I possibili esempi negativi sono ancora oggi numerosi. Ad esempio, esistono software che hanno interi pezzi di codice che non vengono utilizzati, o che vengono utilizzati poco. Anche sui dispositivi di uso comune, come smartphone e pc, spesso abbiamo installato software che non vengono usati, ma che si avviano in automatico all’accensione del dispositivo.
Definire dei dettami in ottica di green computing e green coding non è semplice. Oggi esistono dei controlli di power management che consentono ad esempio, se alcune parti di un pc non vengono utilizzate per un determinato lasso di tempo, di spegnerle in automatico per riaccenderle solo all’occorrenza: ci si chiede se sia possibile, in un prossimo futuro, prevedere una simile modularità anche per il codice, di modo che le parti non utilizzate non impattino sull’utilizzo della macchina.
La Fondazione per la Sostenibilità Digitale, la prima Fondazione riconosciuta di ricerca in Italia dedicata ad approfondire i temi della sostenibilità digitale, ha recentemente redatto un paper che mette in relazione il green coding e gli Obiettivi di Sviluppo Sostenibile (SDG) dell’Agenda 2030 delle Nazioni Unite, in cui si evidenzia tra l’altro come “per cogliere le sfide di Agenda 2030 è indispensabile che il software assuma il ruolo di motore di sviluppo sostenibile, da una parte rispettando i criteri di sostenibilità in tutte le fasi del suo ciclo di sviluppo e di vita, dall’altra prevedendo processi di adozione da parte degli utenti che siano orientati anch’essi a supportare comportamenti sostenibili”.
Il codice oggi non impatta solo a livello di consumo energetico, ma sempre di più entra nelle catene decisionali delle grandi aziende, che si affidano al software per prendere decisioni strategiche.
Scrivere un “codice sostenibile” significa quindi non solo pensare al suo impatto ambientale, ma anche scrivere un codice che a sua volta promuova idee sostenibili e permetta di fare scelte etiche.
A livello europeo, anche la European Green Digital Coalition, fondata nel 2021 dai CEO di 26 grandi aziende, si occupa di promuovere una trasformazione digitale green in UE. In generale, oggi, fondazioni ed aziende tendono a promuovere una maggiore informazione sull’uso consapevole dell’elettronica e dell’informatica, in grado di arrivare fino agli utenti finali, portandoli a considerare l’impatto ambientale delle loro scelte digitali. Promuovere un cambiamento di pensiero è fondamentale, e questo deve partire anche dalle piccole azioni quotidiane: qual è l’impatto ambientale di una ricerca su Google o della connessione a un social network?
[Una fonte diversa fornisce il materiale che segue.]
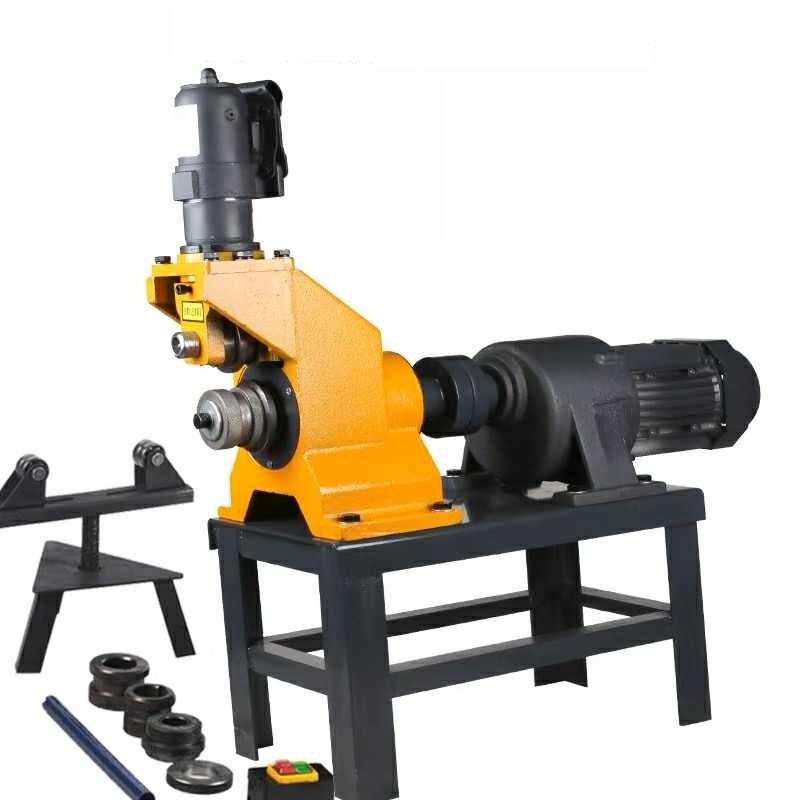 Máy Lăn Rãnh Ống 65-325mm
Perché consideriamo normale spegnere la luce quando lasciamo una stanza ma lasciamo accesi interi software non utilizzati che lavorano in background sui nostri dispositivi?
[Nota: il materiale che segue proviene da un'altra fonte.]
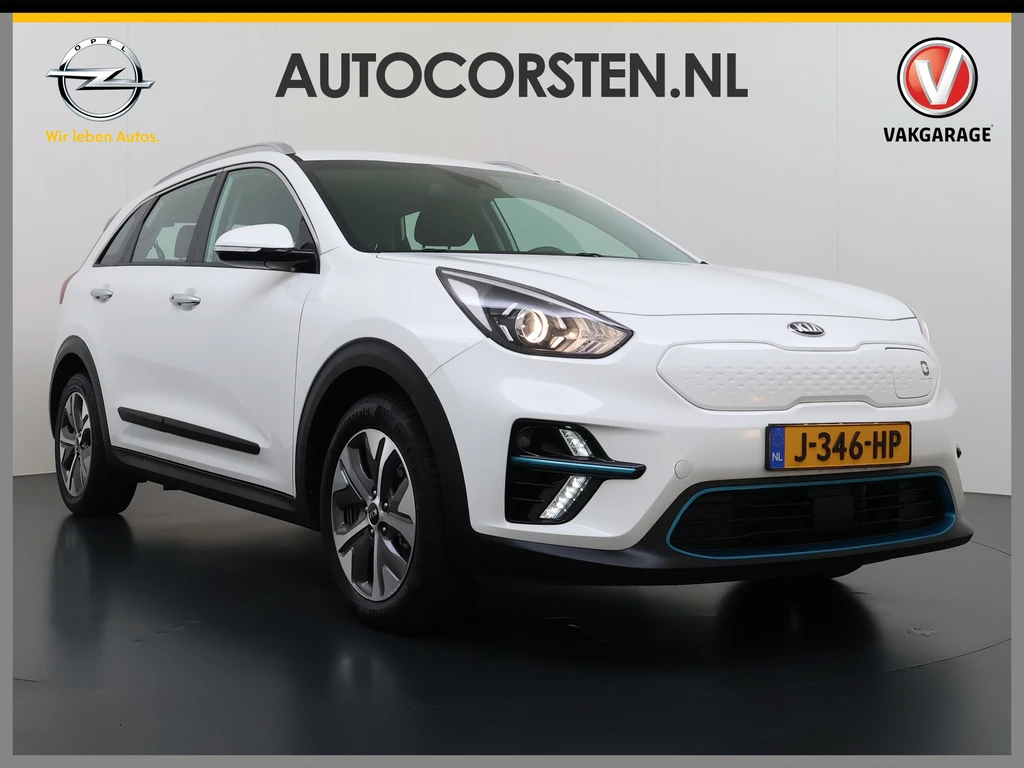 Kia e-Niro – foto 8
L’uso consapevole degli strumenti digitali da parte degli utenti è fondamentale per iniziare ad avviare un cambiamento in quest’ambito. Per rendere più sostenibile il mondo IT, ogni scelta è importante: dal singolo utente alle aziende, dallo sviluppo del software alla gestione di un data center.
Le scelte lato utente hanno la loro rilevanza, ma la hanno anche quelle degli sviluppatori: ad esempio anche il linguaggio di programmazione usato può avere un diverso impatto ambientale. Questo perché, a seconda del software, l’utilizzo di diversi linguaggi di programmazione porta a diversi investimenti in termini di tempo, energia e memoria necessari. Lato utente, rimane in ogni caso fondamentale evitare un utilizzo compulsivo delle tecnologie, tornando a un uso maggiormente consapevole e attento dei device a nostra disposizione: se un tempo questo veniva fatto per ragioni di costo economico, oggi non è più possibile ignorare il costo ambientale delle nostre scelte.